The Tribune has reached no agreement to sell the Cubs with ANYONE and that includes the Ricketts family, the Utay group, or the man on the moon. Tribune VP of Communications Gary Weitman confirmed to me today that no agreement has been reached with anyone.
Wow, Kaplan just broke some huge news. The Man on the Moon has not agreed to buy the Cubs from the Tribune. Is he available for comment? My sources tell me that the Man on the Moon had to pull his bid when Zell determined it was too heavily leveraged with green cheese.
Several sources that I spoke with this afternoon told me that the bankruptcy court does not sift through multiple offers. They simply look at the offer that is presented to them and they say yes or no if they will give their approval.
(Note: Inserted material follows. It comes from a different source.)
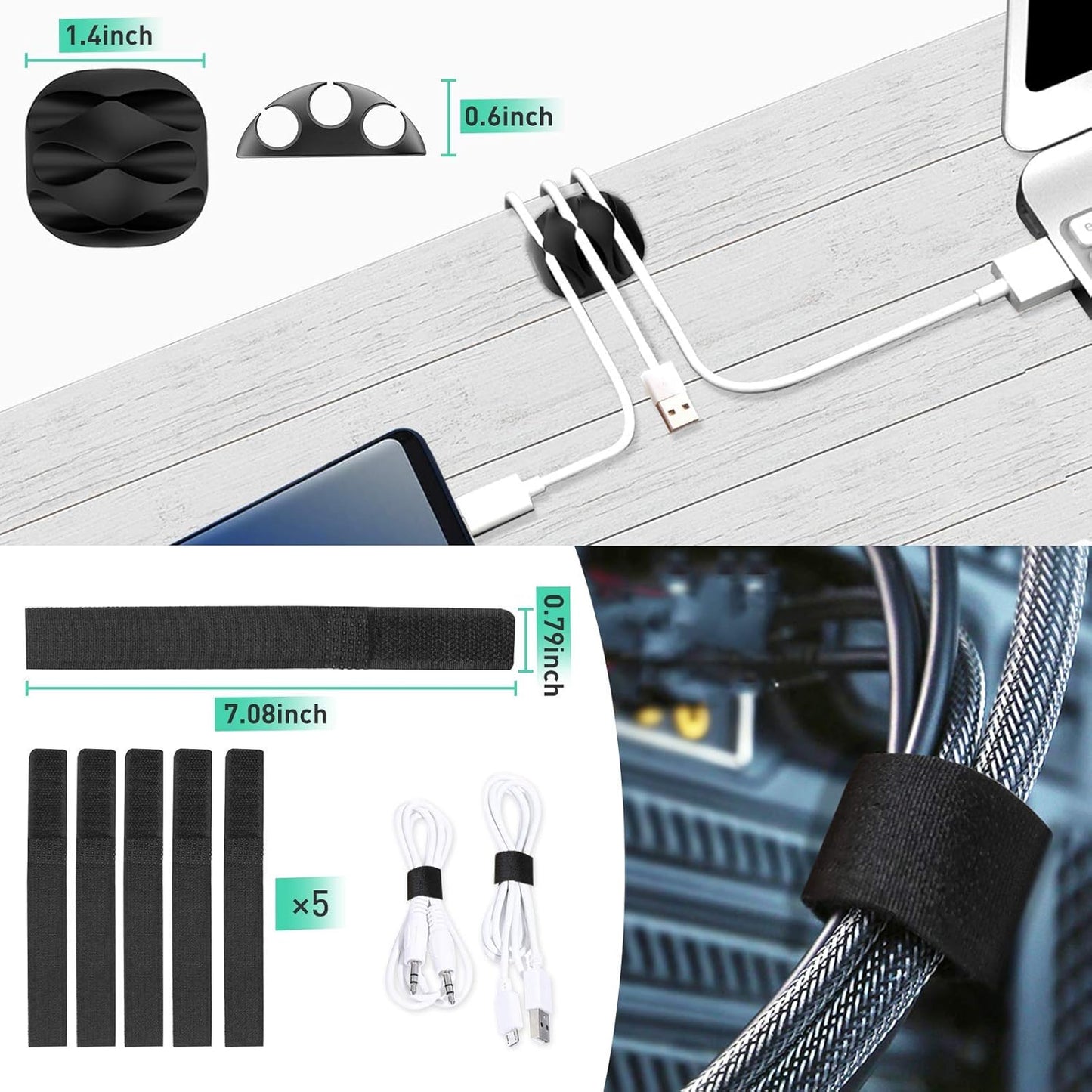 ENONCI Updated Cable Raceway Kit - 77 (5x15.4) Inch Open Slot Wire Covers for Cords, Under Desk Cable Management System to Hide Under Desk/Tv/Computer/Net/Power Cords, (Pack 5)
Also, the Tribune itself is reporting this story. Only, they are reporting it like actual journalists. They’re laying out the facts and the reports, getting quotes from people and printing them as quotes, instead of just telling us they talked to someone and then paraphrasing for them.
Did Kap talk to David Hernandez? Now there’s a guy who knows his way around a bankruptcy court.
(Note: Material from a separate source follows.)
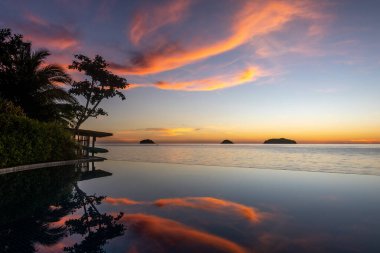 Reflections in a resort infinity pool during a tropical sunset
Our pal Chuck over at Chuck-to-Chuck.com has a theory on how this two bids-one bankruptcy court thing might work.
One of the reasons that the court could reject the Ricketts bid is if the court determined that the value the Trib was receiving for the team was too low.
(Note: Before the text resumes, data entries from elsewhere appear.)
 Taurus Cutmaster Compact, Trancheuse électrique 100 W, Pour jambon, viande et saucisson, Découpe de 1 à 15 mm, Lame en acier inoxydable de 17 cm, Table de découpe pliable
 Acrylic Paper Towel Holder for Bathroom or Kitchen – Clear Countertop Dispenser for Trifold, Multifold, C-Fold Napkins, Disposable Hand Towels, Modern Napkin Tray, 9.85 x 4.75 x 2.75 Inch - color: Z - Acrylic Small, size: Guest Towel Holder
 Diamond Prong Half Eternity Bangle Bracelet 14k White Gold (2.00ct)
Zell has a ready answer for that. A higher bid, but with less cash up front. This makes a fascinating choice. Does the court take the higher value, but place the debt holders at greater risk as there’s actually less cash at closing to pay the debtors, or, does the court approve a plan that gives the debtors less cash on Day 1, but substantially more at day, say 1,825 (5 years).
I didn’t get the impression from either Reuters or Chuck that Zell would just dump two plans on the bench and say, “Hey, pick one!” Chuck’s point is that if the Ricketts’ bid isn’t accepted, Zell has a fallback. A similar deal, worth more money long term, structured much differently.
The Reuters’ report hits on that, too.
Both offers are likely to be submitted to the bankruptcy court for review, with the Tribune recommending one.
So it’s not “Here your honor(s) what do you think we should do?” Kaplan’s source (Deep Chode?) is likely correct and the court won’t review them both and just tell Zell to turn one in. He’s got two to pick from.
Back to Kaplan’s blog:
Here is how the process will play out. Once the Tribune Company reaches an agreement with a prospective buyer they will then submit the terms of the deal to Major League Baseball to make sure that the deal is structured properly along the rules that MLB has in place regarding the sale of a team.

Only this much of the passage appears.